#### [DATA PROVIDED]
● ● ● ● ●

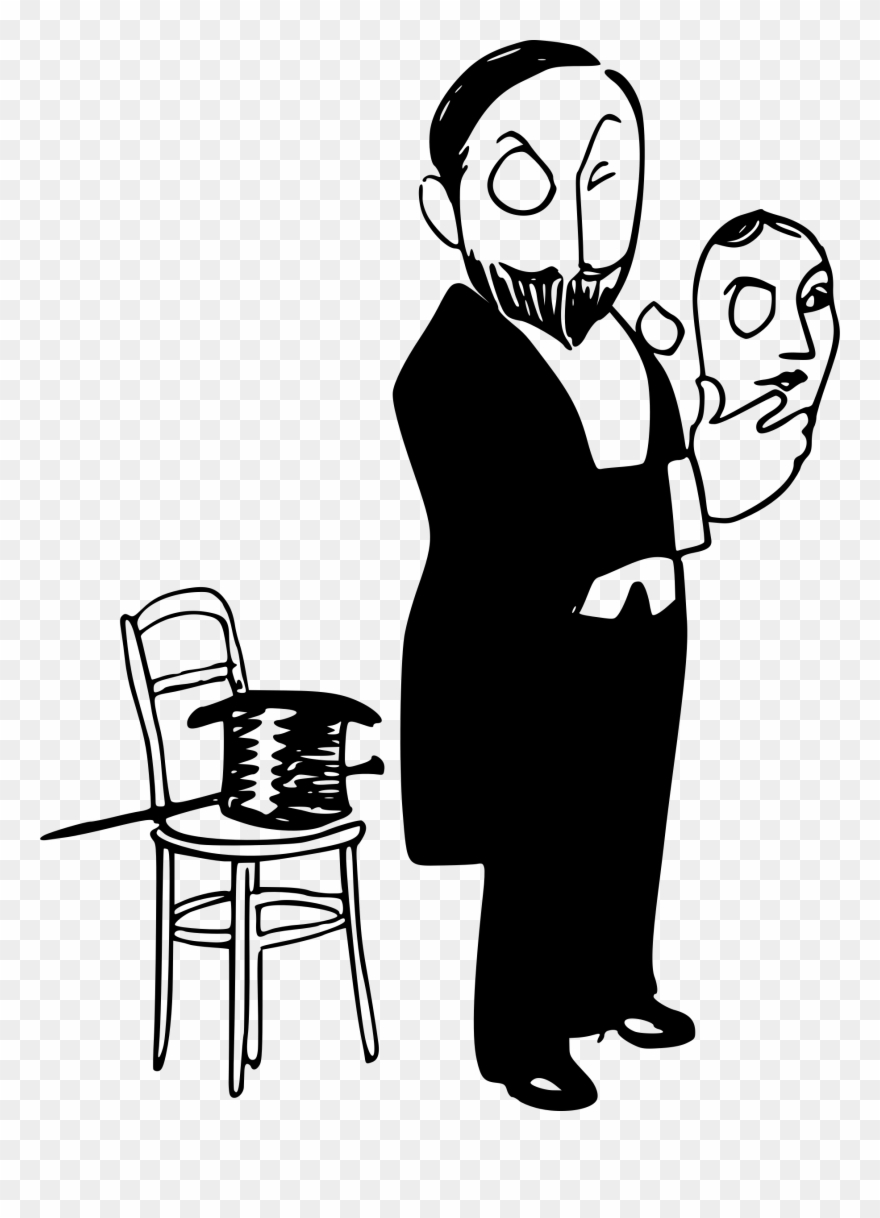 Big Image - Mask Clipart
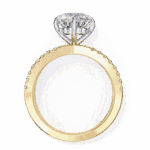 2.75 Carat Round Cut Eternal Spark Solitaire Ring - Image 7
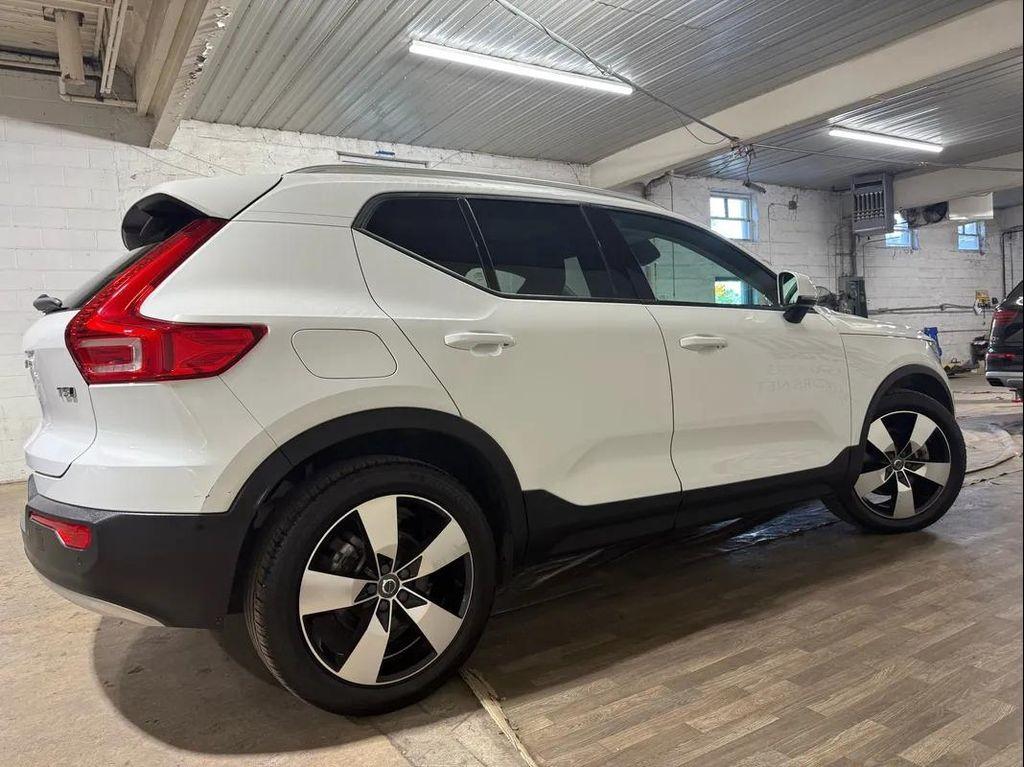 used 2019 Volvo XC40 car, priced at $13,495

● ● ● ● ●

#### [WHAT IS REQUIRED]
Please write out exactly the lines from the one holding "2.75 Carat Round" through the last line of the material above, both included, as a copy without pictures.

#### [ANSWER FOR THIS EXERCISE]
 2.75 Carat Round Cut Eternal Spark Solitaire Ring - Image 7
 used 2019 Volvo XC40 car, priced at $13,495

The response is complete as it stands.